NAD+ Decline and Aging: NMN vs NR — What the Evidence Says
A head-to-head comparison of the two leading NAD+ precursors based on current clinical evidence, bioavailability data, and practical considerations.
April 1, 20268 min read
Public
The NAD+ Problem
NAD+ (nicotinamide adenine dinucleotide) is essential for over 500 enzymatic reactions. Levels decline approximately 50% between ages 40-60, correlating with metabolic dysfunction, DNA damage accumulation, and mitochondrial decline.
NMN: Direct Precursor
Advantages
One enzymatic step closer to NAD+ than NR
Dedicated transporter (Slc12a8) identified in 2019
Strong preclinical data from David Sinclair's lab
Multiple positive human clinical trials
Clinical Evidence
Increased NAD+ levels in healthy adults (Yi et al., 2023)

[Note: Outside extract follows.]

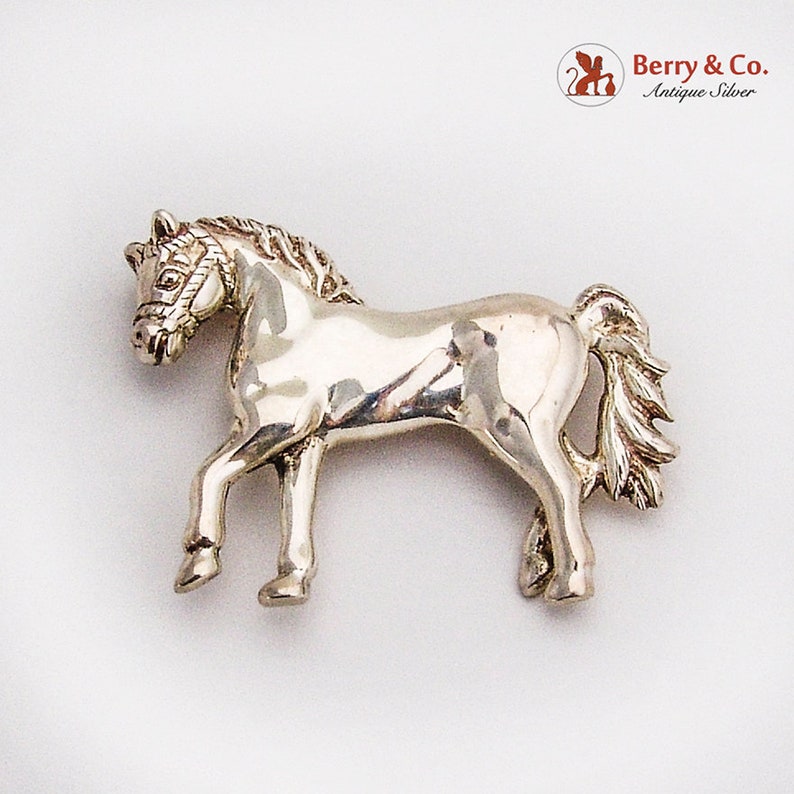 Cast Figural Horse Brooch Metales Casados Sterling Silver Mexico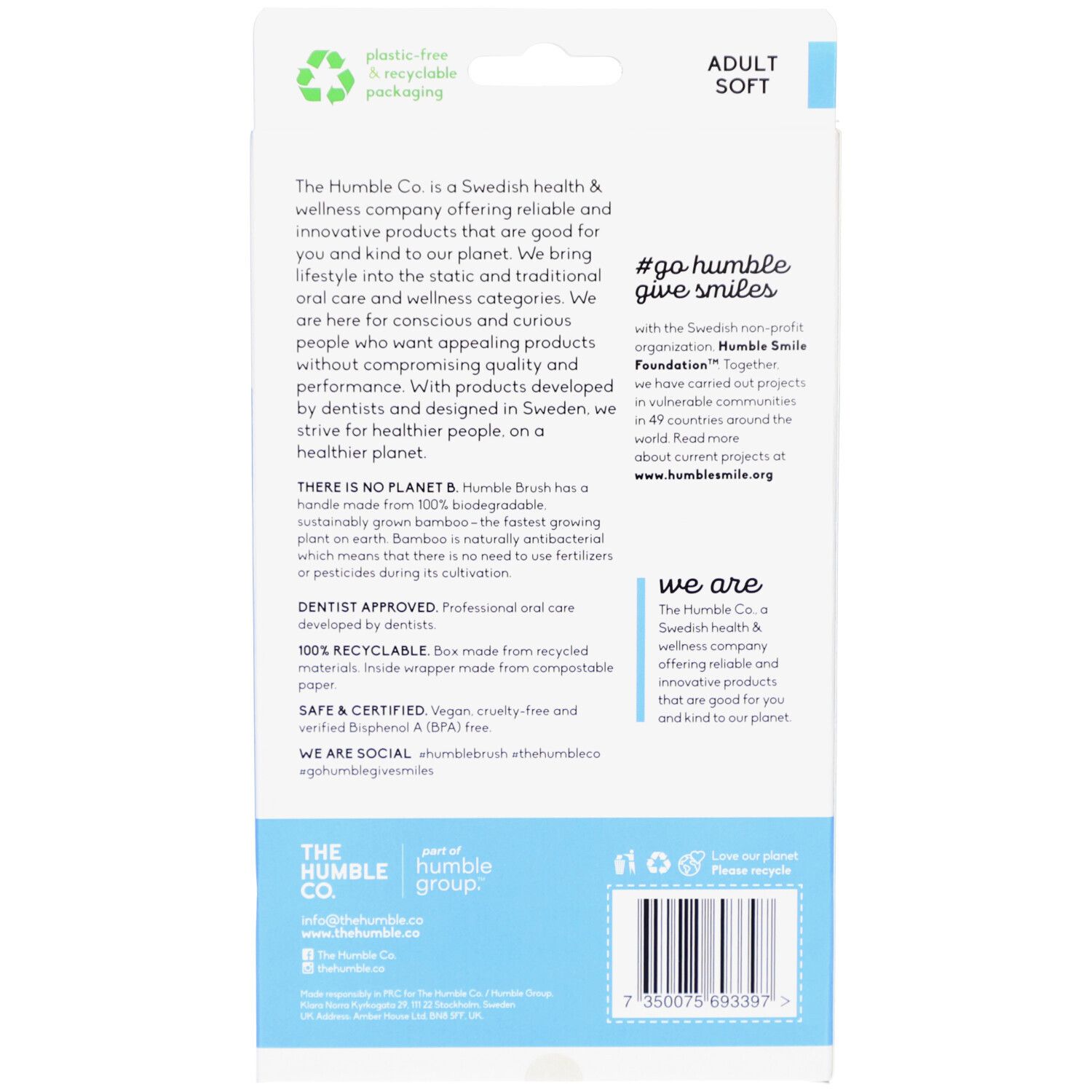 Rückseite der Zahnbürsten-Verpackung. Text über das Produkt und seine Eigenschaften. Logo und Barcode.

Improved insulin sensitivity in overweight women (Yoshino et al., 2021)
Enhanced aerobic capacity in amateur runners (Liao et al., 2022)

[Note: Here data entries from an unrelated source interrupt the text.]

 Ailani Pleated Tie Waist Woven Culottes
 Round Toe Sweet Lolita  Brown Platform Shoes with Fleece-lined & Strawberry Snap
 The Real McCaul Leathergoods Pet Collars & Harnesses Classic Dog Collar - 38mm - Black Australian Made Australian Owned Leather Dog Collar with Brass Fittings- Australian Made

NR: The Established Contender
Advantages
Longer track record of human research
FDA GRAS status since 2016
Clear oral bioavailability data
Commercially available as Niagen/Tru Niagen
Clinical Evidence
Safely increases NAD+ in healthy middle-aged adults (Martens et al., 2018)

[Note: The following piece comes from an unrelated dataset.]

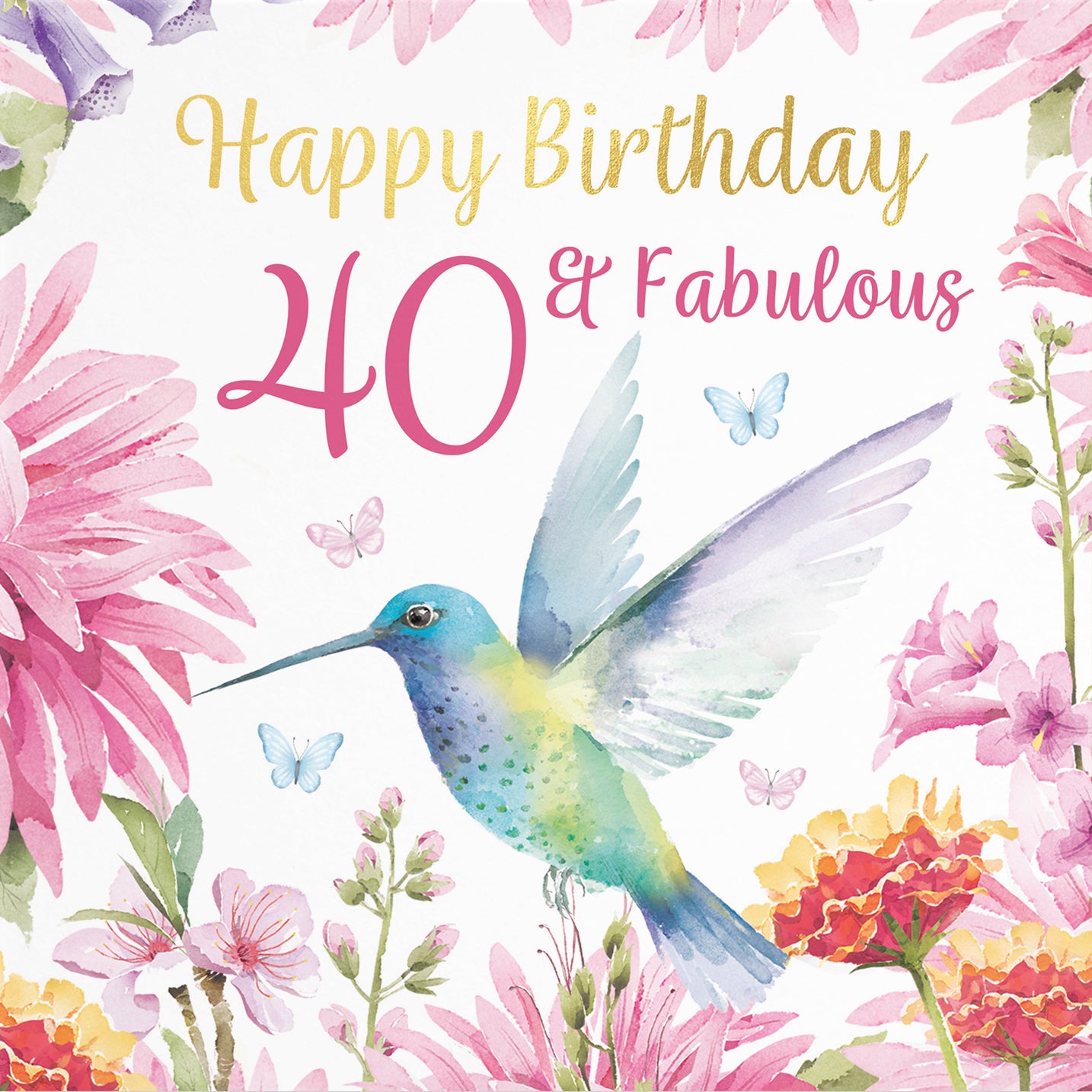 40th Birthday Card Hummingbird Gold Foil Milo's Gallery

May improve systolic blood pressure (Martens et al., 2018)
Mixed results on functional outcomes in older adults
Head-to-Head
No direct human comparison trial exists. Preclinical data from the Bhatt lab (2024) suggested NMN was superior for NAD+ elevation in liver, but NR was better in muscle. The practical difference for humans remains uncertain.
Our Take
Both NMN and NR effectively raise NAD+ levels. NMN may have a slight theoretical edge due to its proximity to NAD+ in the biosynthetic pathway, but NR has more established long-term safety data. Cost, availability, and individual response may matter more than the precursor choice itself.